エルフィアも相当テンパっていたようで視線や仕草がおぼつかないところがあったが、俺が訊いたのに対して、こくりと頷いて小さく呟いた。
「……いい」
「そ、そうか……」
その一言からまたしても2人の間に沈黙が落ちた。
この静かさがさらに気まずさを増幅するという中、サイオスはゴホンっと咳払いをしてそれを破った。
音の聞こえた方を見やると、サイオスも気まずそうにしている。
「その、なんだ……私はそういうのに何か言うつもりもないし、むしろ私が原因であると言うことも承知しているつもりだ。 2人はきっとこの1ヶ月でとても親密になっているということも重々に理解している。 ただな……ひとまずは契約の方に集中してくれないか?」
サイオスの気まずそうな声を聞いてようやくこの部屋には3人いるということを思い出した。
すると急にサイオスに申し訳ない気持ちが混み上がってきて、慌てて謝る。
「「すいません……」」
エルフィアも同じように思ったのか、俺と同じタイミングで申し訳なさそうに謝っていた。
そして再び目が合って、苦笑いが漏れる。
サイオスは「ははは……まあ、とりあえず始めてくれ」と溜息混じりに言っていた。
その言葉俺は気を取り直して、ようやく契約の第一段階を開始した。
まずは対象の精霊に魔力を流し込む、と聞いているのだが。
「それで、どうやって魔力を流し込むんですか?」
やりながら教えると言っていたので、本当にざっくりとした流れだけを説明されていたので、どうやって魔力を流し込むかなんて分からない。

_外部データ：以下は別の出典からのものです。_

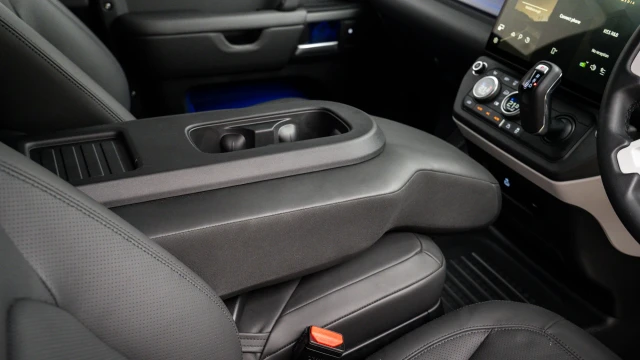 Land Rover Defender Image 8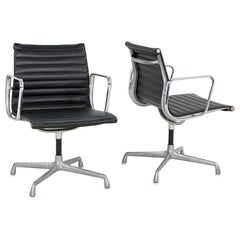 Sillas auxiliares de dirección de aluminio Herman Miller de los años 70 en naugahyde negro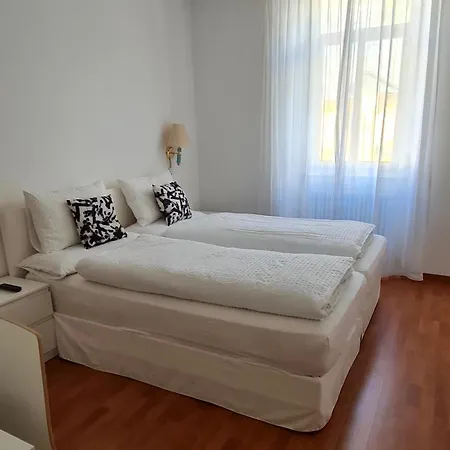 فندق Hotel Corona لوكارنو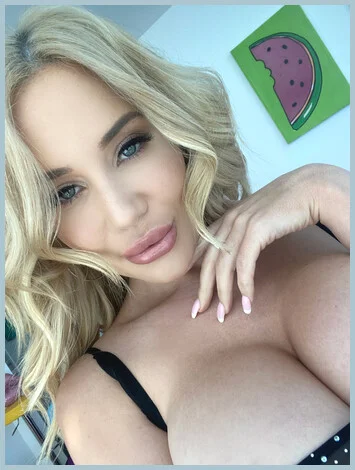 Barbie gallery photo 1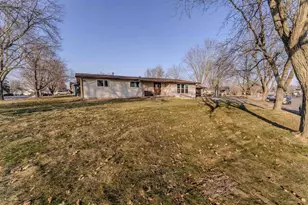 1615 Lakeview Dr, Tomah, WI 54660 - Photo 1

サイオスは俺の質問に少し考える素振りを見せると「まあいいか」と呟いて。
「2人は仲がいいみたいだから、あの方法でいいだろう」
「「あの方法?」」
「ああ。 1番手っ取り早い方法なんだがな。 まずは2人とも手を出してくれ。 一応利き手だ」
俺達は言われた通りにお互い手を差し出した。
俺は右手、エルフィアは左手だ。
「それじゃ、お互いに手を握ってくれ。 なるべく手と手の間に隙間がなくなるように」
「……」
俺は言葉を失った。
手を繋ぐだって? あっちの世界じゃ女の子と手を繋いだことなんてないし、そもそもそんなに親密になった女子なんていない。

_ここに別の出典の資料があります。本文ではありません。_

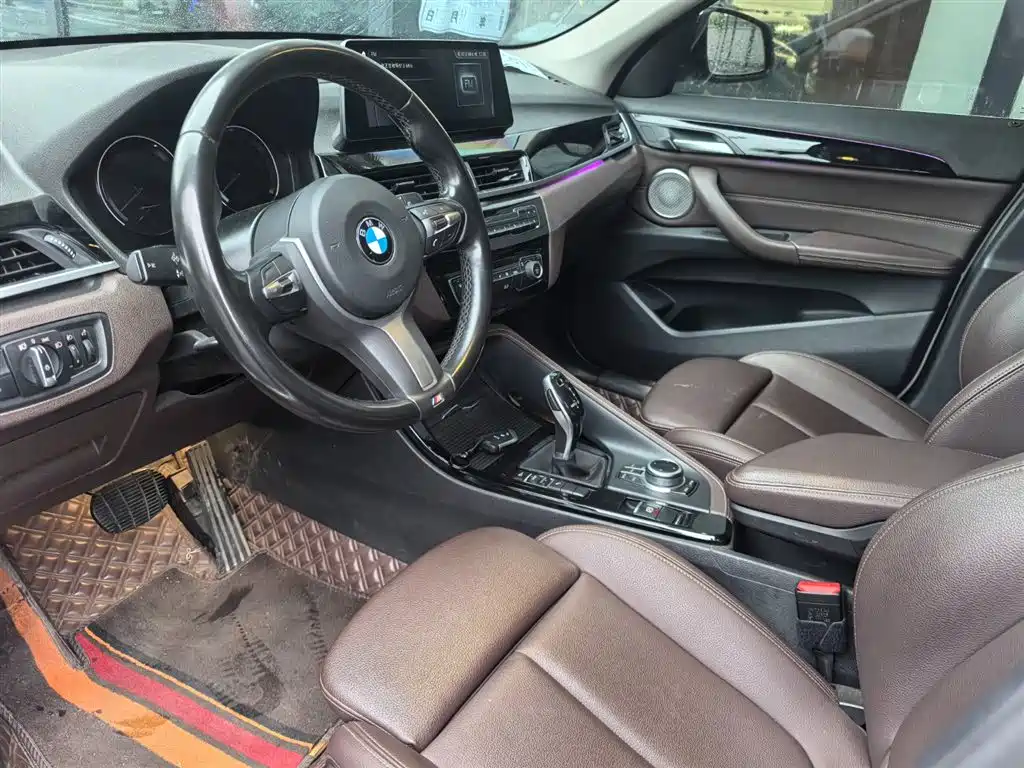 BMW X1 2022 sDrive25Li Leading фото 8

地下室では手を握ったり、抱擁なんかもした気がするが、あの時はただ必死になって勢い任せだったのであまり覚えていない。
しかし、今は意識している分、緊張が尋常ではない。
心の準備もできていない。
どうやらエルフィアも今回ばかりは緊張しているように見える。
異性と手を繋ぐ、それが常人にとってどれだけ高難易度な行為かなんて言うまでもないだろう。
それを平然とやってのけるのならば、それはもはや特殊能力でもあるとしか言えない。
だが、だからといってそんな言い訳を並べてしぶっている場合でないことも分かっている。

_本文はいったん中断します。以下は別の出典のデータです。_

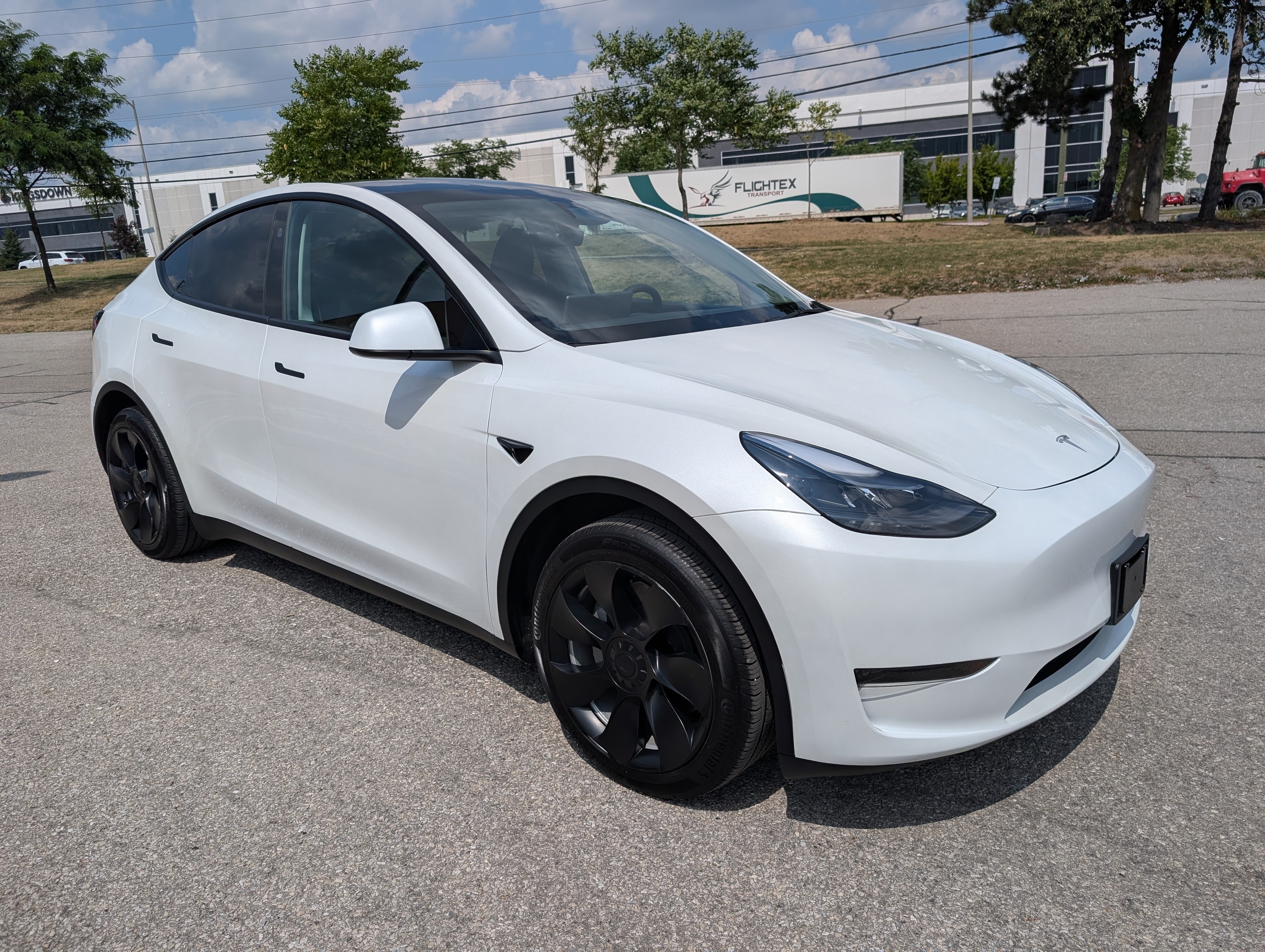 Tesla Model Y 2024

これが正式な契約の方法ならば致し方ないというものだが、果たしてエルフィアの方はそれでいいのか。
「……エルフィアは、いいのか?」
様々な不安を抱えて、小さく訊いた。
ああまで言ってくれたのだから、今更嫌がられることはないだろうとは思うが、念には念を入れたいというのは心配性の習性というものだ。
しかし、そんな不安も杞憂に終わって、エルフィアは顔を赤らめながら、こくりと小さく頷いた。
そんな仕草にこっちまで顔が熱くなってくる。
「それじゃ、いくぞ……」
「はい……」
そしてゆっくりと互いに手を近づけて、指先が触れ合うと、ピクっとなって一瞬手が離れるが、何とか手のひらを重ねた。